Ein Interview mit Mattia Nelles (DUB) und Martyna Boguslavets (MEZHA) über die COSAC-Reforminitiative


Während die Ukraine weiterhin ihre Souveränität verteidigt, kämpft das Land zugleich an einer anderen entscheidenden Front – gegen die Korruption. Die Revolution der Würde legte den Grundstein für diese Transformation, getragen von Bürgerinnen und Bürgern, Expertinnen und Experten sowie der Zivilgesellschaft.


Um sicherzustellen, dass die Fortschritte der Ukraine international sichtbar, verstanden und weiter gestärkt werden, haben sich das Deutsch-Ukrainische Büro (DUB) und MEZHA in der Continuing Successful Anti-Corruption (COSAC) Reform Initiative zusammengeschlossen – unterstützt durch das Auswärtige Amt Deutschlands. Das Projekt stärkt die Stimme der Ukraine in Europa, setzt sich für die Fortführung der Anti-Korruptionsreformen ein und fördert den Dialog zwischen ukrainischen und europäischen Institutionen über Integrität und Verantwortlichkeit.



Mattia Nelles und  Martyna Boguslavets  während einer Advocacy-Reise nach Kopenhagen, September 2025
Mattia Nelles und Martyna Boguslavets während einer Advocacy-Reise nach Kopenhagen, September 2025

Martyna, das Projekt zielt darauf ab, die erfolgreichen Anti-Korruptionsreformen der Ukraine fortzusetzen.

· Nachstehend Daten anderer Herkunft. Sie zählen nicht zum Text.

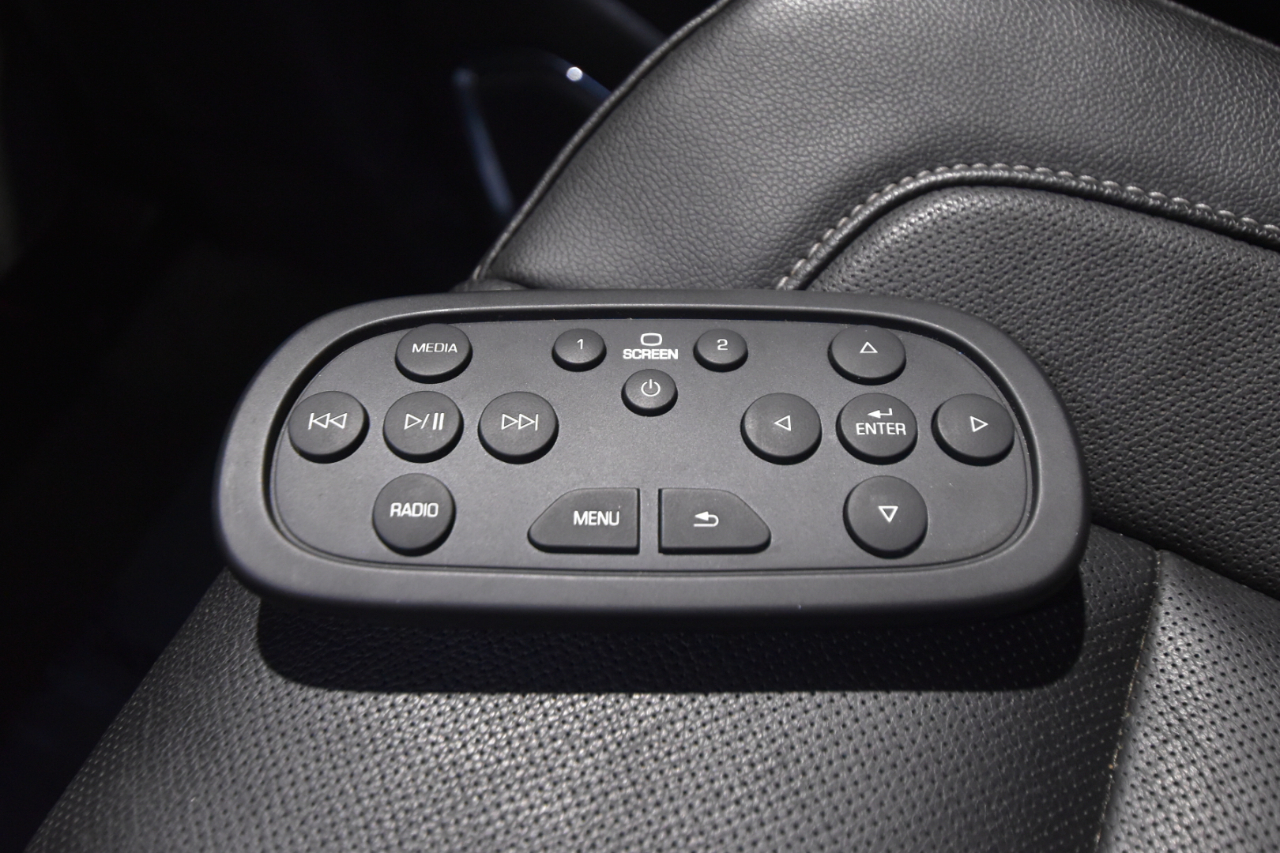 Chevrolet Suburban 4WD 4dr 1500 LTZ 2016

Von welchen Erfolgen sprechen wir konkret? Wie hat sich die Ukraine seit der Revolution der Würde verändert?


Martyna Boguslavets (MB): Die Transformation der Ukraine im Bereich der Korruptionsbekämpfung begann tatsächlich nach der Revolution der Würde im Jahr 2014. Sie wurde durch den starken öffentlichen Wunsch nach Veränderung, die aktive Haltung der Zivilgesellschaft sowie die klaren Erwartungen unserer internationalen Partner und Geldgeber vorangetrieben.


In der Folge entstanden unabhängige Anti-Korruptionsinstitutionen – die Nationale Agentur zur Korruptionsprävention (NACP), das Nationale Anti-Korruptionsbüro der Ukraine (NABU), die Spezialisierte Anti-Korruptionsstaatsanwaltschaft (SAPO) und später das Hohe Anti-Korruptionsgericht (HACC). Diese Institutionen wurden zu Eckpfeilern der Reformagenda des Landes und zählen zu seinen größten Errungenschaften.

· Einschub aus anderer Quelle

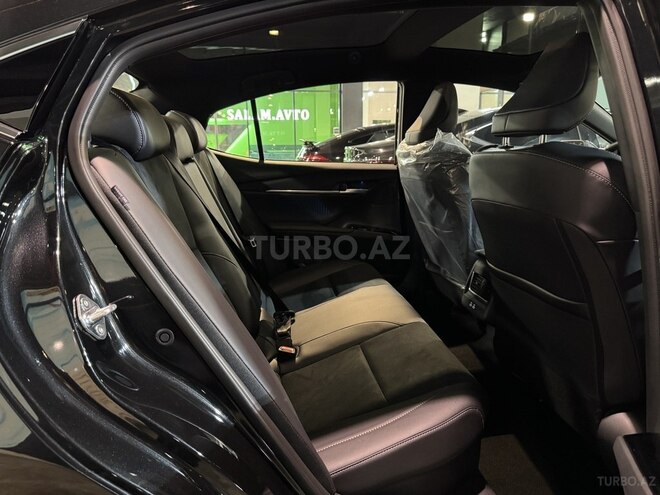 Toyota Camry-12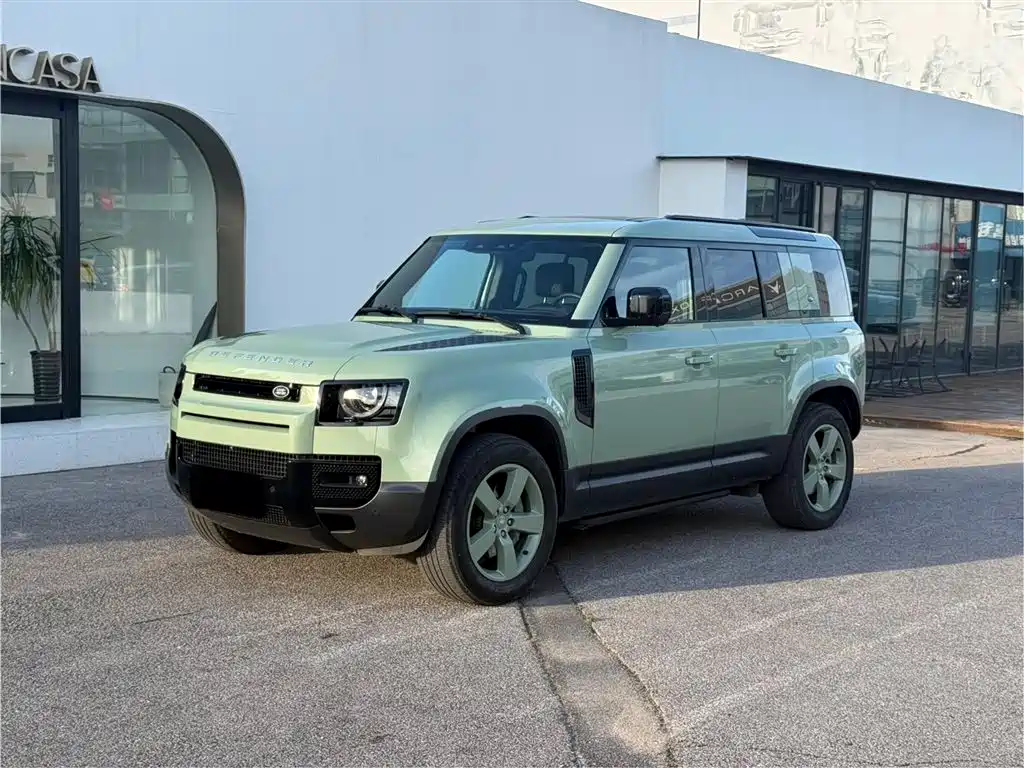 Land Rover Defender 2023 — фото 1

Die Unabhängigkeit dieser Institutionen war eine der Bedingungen für internationale Finanzhilfen und politische Unterstützung seitens der EU, des Internationalen Währungsfonds und der US-Regierung. 2023 wurde sie Teil der Auflagen im Rahmen des Ukraine-Facility-Plans der EU, und nun ist sie eine der zentralen Voraussetzungen für die Aufnahme der EU-Beitrittsverhandlungen im sogenannten „Fundamentalen Cluster“.


Doch selbst diese Erfolge müssen geschützt werden. 2025 gab es Versuche seitens von Regierung und Parlament, ihre Unabhängigkeit zu schwächen. Der Schutz dieser Institutionen ist heute sowohl eine der größten Herausforderungen als auch eine der wichtigsten Errungenschaften der Ukraine.

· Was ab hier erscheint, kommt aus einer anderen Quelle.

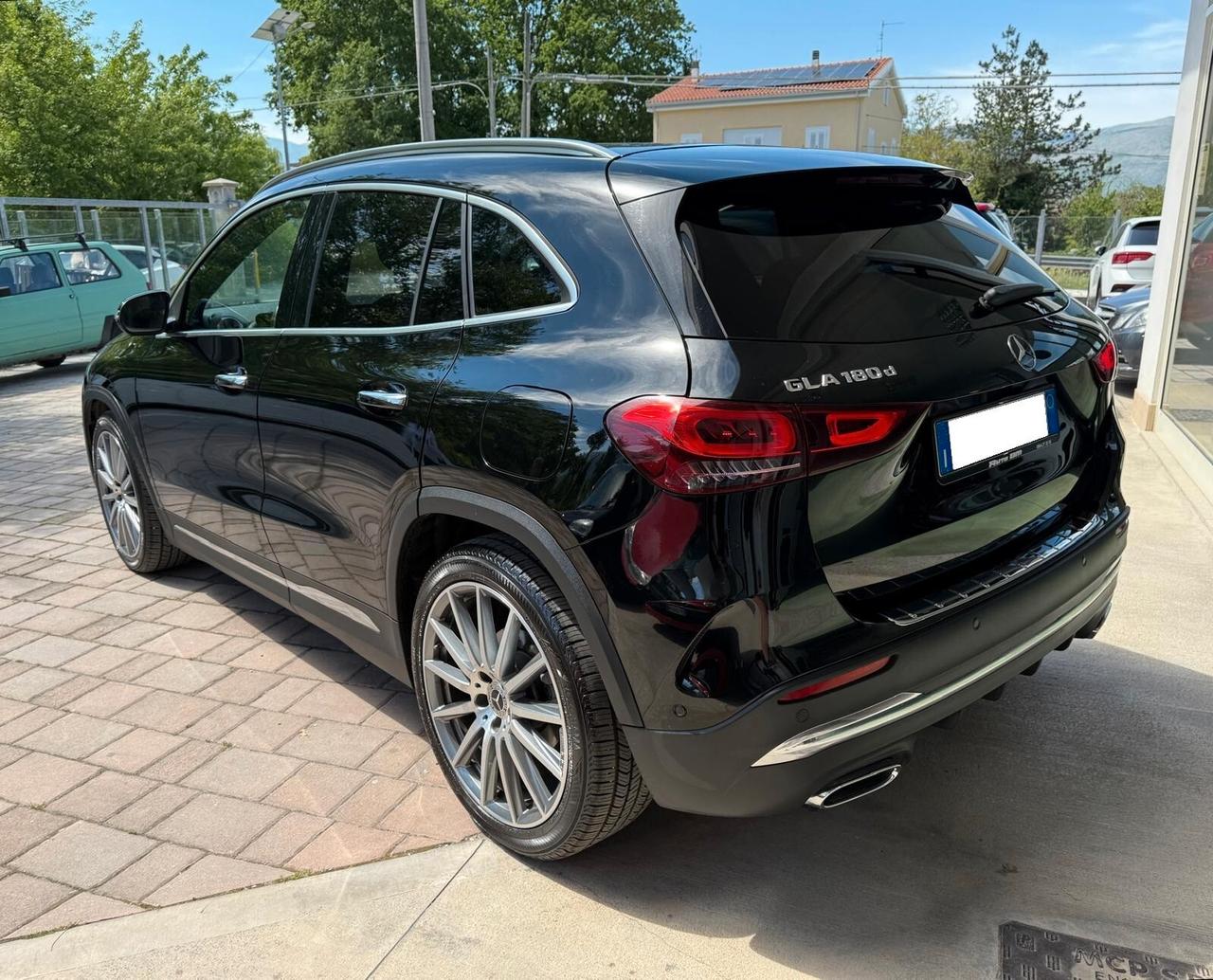 Mercedes-benz GLA 180 AMG LINE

Mattia, Sie haben begonnen, sich während der Revolution der Würde auf die Ukraine zu konzentrieren. Wie sehen Sie den Fortschritt des Landes in den letzten zehn Jahren?


Mattia Nelles (MN):  Als Janukowytsch floh, war die Ukraine fast bankrott und wurde wie ein Mafia-Staat regiert. Die Revolution der Würde hat alles verändert – die Menschen forderten Gerechtigkeit und ein Ende der Straflosigkeit. Seitdem haben die Zivilgesellschaft und internationale Partner enorme Fortschritte ermöglicht.


Die Gründung unabhängiger Institutionen – NACP, NABU, SAPO und später des Hohen Anti-Korruptionsgerichts – war ein historischer Durchbruch. Diese „Inseln der Integrität“ wurden besonders nach der russischen Vollinvasion wirklich wirksam: Es gibt mehr Ermittlungen und Verurteilungen als je zuvor. Darüber hinaus haben Reformen wie das System der elektronischen Vermögenserklärungen für Beamte und das E-Beschaffungssystem „Prozorro“ für mehr Transparenz gesorgt und dem Staat Milliarden eingespart.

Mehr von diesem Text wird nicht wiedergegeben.